The number of internet users will continue to grow, for at least the next 5 years. This is one that you had probably almost forgotten! But the fact that more and more people are connecting is still a key driver of change in many parts of the world - and can be harnessed as a massive force for good. Here are the predicted stats:
And these are just some of the invariances — I am sure that you can come up with more of them, and they do set the framework within which change happens - so they are worth studying. What does not change is as important as what does, the limits and constraints are key to understanding any problem. Predicting limits - while notoriously hard, perhaps harder than predicting change - is a worthwhile practice.
Happy new year and do share your invariances in the comments or with me!
Nicklas
Especially in technology futures!
Some even suggest that this is a viable investment strategy — see https://fs.blog/staying-the-same/ detailing how Jeff Bezos and Warren Buffett are interested in this question.

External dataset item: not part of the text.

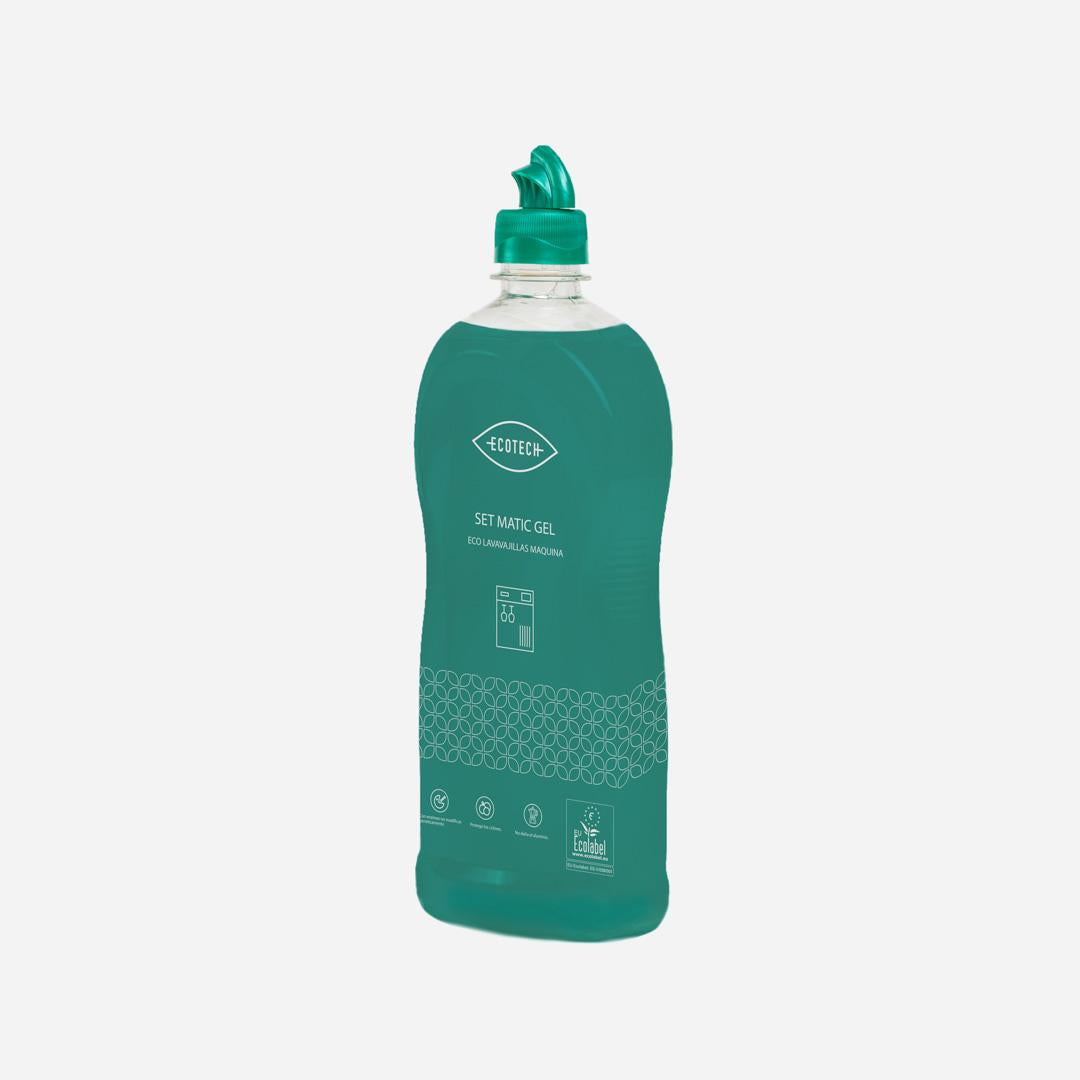 Ecotech set matic dishwasher detergent gel 750 ml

For an interesting discussion of if this will continue to hold - an invariance - see https://carnegieendowment.org/research/2024/12/will-major-cities-continue-to-shape-global-economic-governance?lang=en
See https://www.statista.com/statistics/270162/urbanization-in-china/
Indeed, it is interesting to try to figure out what would have had to happen for us to end up with 50 nations in 2035 — war? Climate disaster? Aliens? And conversely - let’s say that we end up with 400 countries - where a significant amount of them might be former US states, for example - with their own nuclear weapons — what would that world look like?
See https://en.wikipedia.org/wiki/Landauer%27s_principle — where it says that current computers are at operating at a billion times as much energy per operation.

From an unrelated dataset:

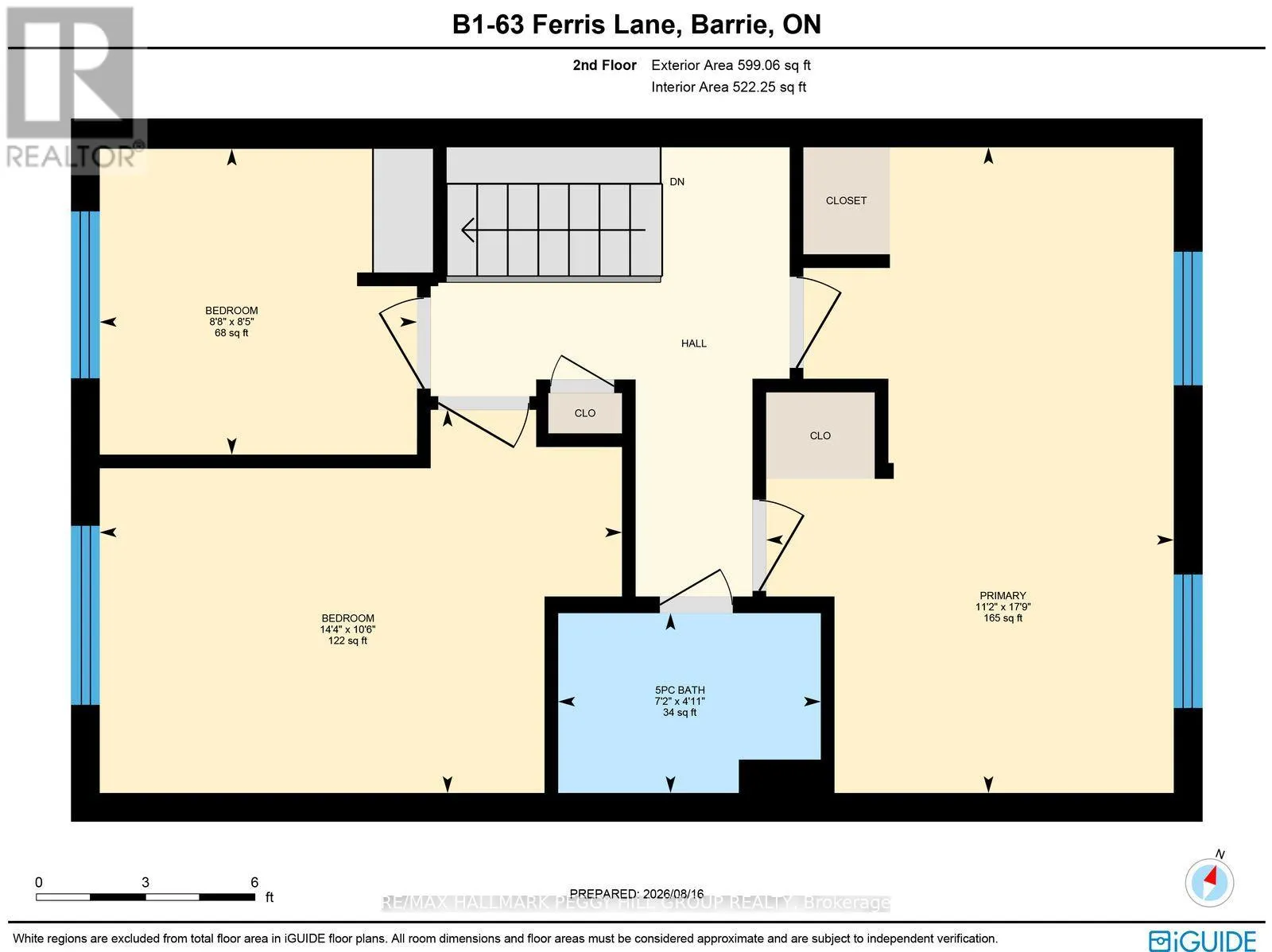 B1 - 63 FERRIS LANE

One can be worried about manipulation, but I think that Hugo Mercier showed fairly clearly that manipulation is overvalued as a risk (see Mercier, H., 2020. Not born yesterday: The science of who we trust and what we believe. Princeton University Press). What I do worry about is the abudance of excellent, fantastic advice that always guides us to greater pleasure and satisfaction - and where the free will we retain is the freedom to make slightly worse and awkward choices.
I quite liked the way this argument is explored in Godfrey-Smith, P., 2024. Living on Earth: forests, corals, consciousness, and the making of the world and Green, J., 2023. The Possibility of Life: Science, Imagination, and Our Quest for Kinship in the Cosmos. Harlequin.

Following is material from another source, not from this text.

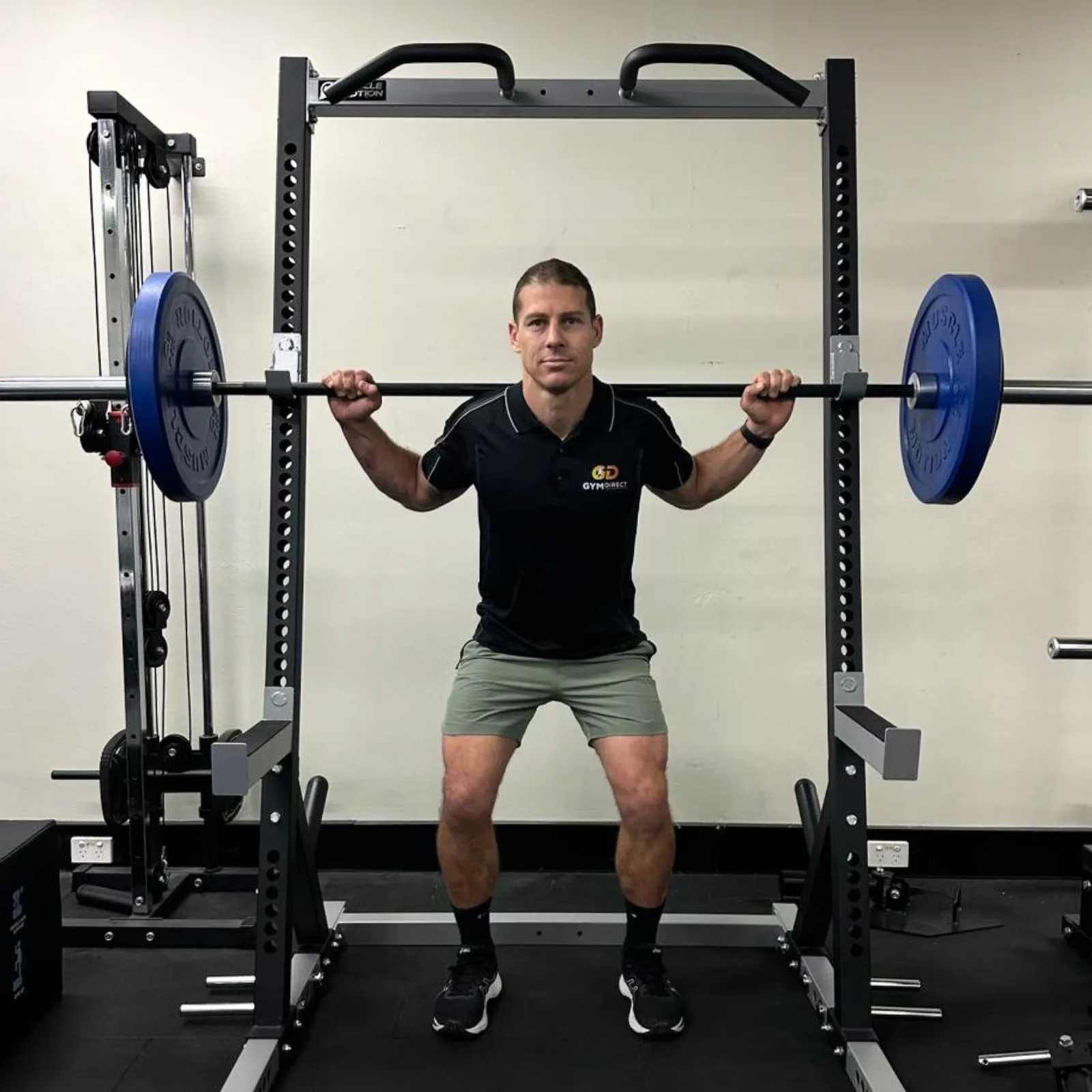 Muscle Motion Half Rack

It feels a bit sneaky to think of a constant rate of change as an invariance (ie the first derivative is flat). I suppose it's true! But then it seems you could easily take the next step, and treat any constant higher order derivative (eg constant acceleration) as an invariance. Maybe technically so, but then if it *does* vary in the higher orders, it seems you would be further off base than with a bad bet on invariance in lower orders. (In the case of AI capability, whether acceleration is an invariance seems like precisely the big debate!)